§ TO DO: Give back only the line containing "Photo of Outdoor in Urbanitzacio la Fustera" and every line after it through the end of the data below, transcribed exactly.
Top of INFORMATION PROVIDED
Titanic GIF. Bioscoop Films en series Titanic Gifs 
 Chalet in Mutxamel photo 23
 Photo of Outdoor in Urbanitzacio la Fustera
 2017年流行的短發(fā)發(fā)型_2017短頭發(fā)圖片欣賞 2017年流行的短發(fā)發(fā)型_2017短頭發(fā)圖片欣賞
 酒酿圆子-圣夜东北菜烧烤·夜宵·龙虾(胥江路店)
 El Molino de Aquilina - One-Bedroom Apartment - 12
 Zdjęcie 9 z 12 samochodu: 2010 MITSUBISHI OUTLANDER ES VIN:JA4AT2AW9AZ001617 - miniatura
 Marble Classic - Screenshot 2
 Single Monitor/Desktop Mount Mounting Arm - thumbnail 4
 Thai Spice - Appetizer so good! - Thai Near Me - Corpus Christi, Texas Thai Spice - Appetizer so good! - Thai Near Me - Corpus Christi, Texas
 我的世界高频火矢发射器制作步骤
Bottom of INFORMATION PROVIDED
§ RESPONSE TO THE TASK:
 Photo of Outdoor in Urbanitzacio la Fustera
 2017年流行的短發(fā)發(fā)型_2017短頭發(fā)圖片欣賞 2017年流行的短發(fā)發(fā)型_2017短頭發(fā)圖片欣賞
 酒酿圆子-圣夜东北菜烧烤·夜宵·龙虾(胥江路店)
 El Molino de Aquilina - One-Bedroom Apartment - 12
 Zdjęcie 9 z 12 samochodu: 2010 MITSUBISHI OUTLANDER ES VIN:JA4AT2AW9AZ001617 - miniatura
 Marble Classic - Screenshot 2
 Single Monitor/Desktop Mount Mounting Arm - thumbnail 4
 Thai Spice - Appetizer so good! - Thai Near Me - Corpus Christi, Texas Thai Spice - Appetizer so good! - Thai Near Me - Corpus Christi, Texas
 我的世界高频火矢发射器制作步骤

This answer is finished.